#### STORED DATA

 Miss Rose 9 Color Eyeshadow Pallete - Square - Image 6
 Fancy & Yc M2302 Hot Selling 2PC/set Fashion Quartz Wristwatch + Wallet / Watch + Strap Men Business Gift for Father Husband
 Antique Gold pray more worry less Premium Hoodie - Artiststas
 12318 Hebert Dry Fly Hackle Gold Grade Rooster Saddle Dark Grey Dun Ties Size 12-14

########
#### STORED DATA

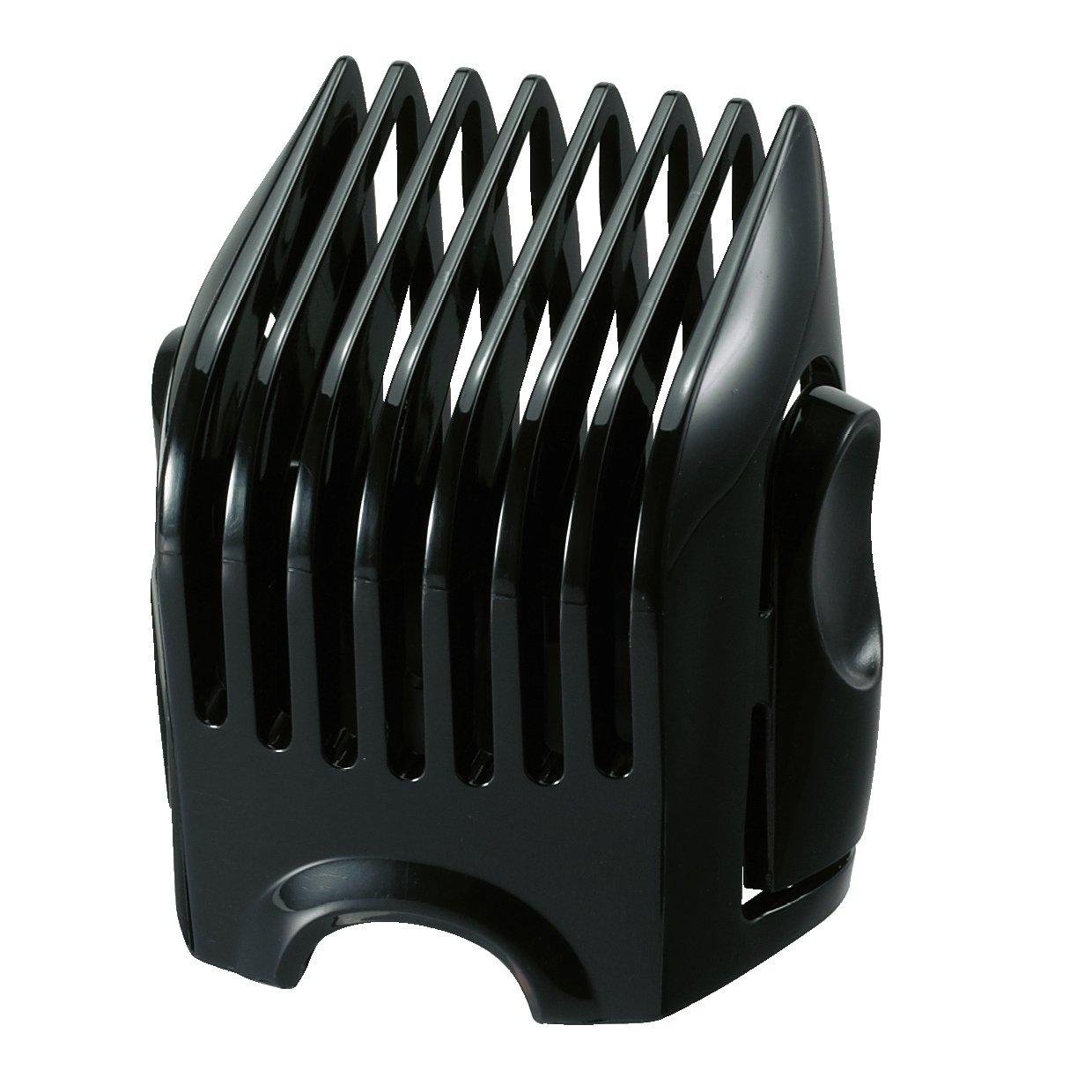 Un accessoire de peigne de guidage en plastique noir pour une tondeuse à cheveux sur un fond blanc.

########

Search the entries above for the string "Gold". Copy each line that holds it.

* ANSWER SPACE
 Antique Gold pray more worry less Premium Hoodie - Artiststas
 12318 Hebert Dry Fly Hackle Gold Grade Rooster Saddle Dark Grey Dun Ties Size 12-14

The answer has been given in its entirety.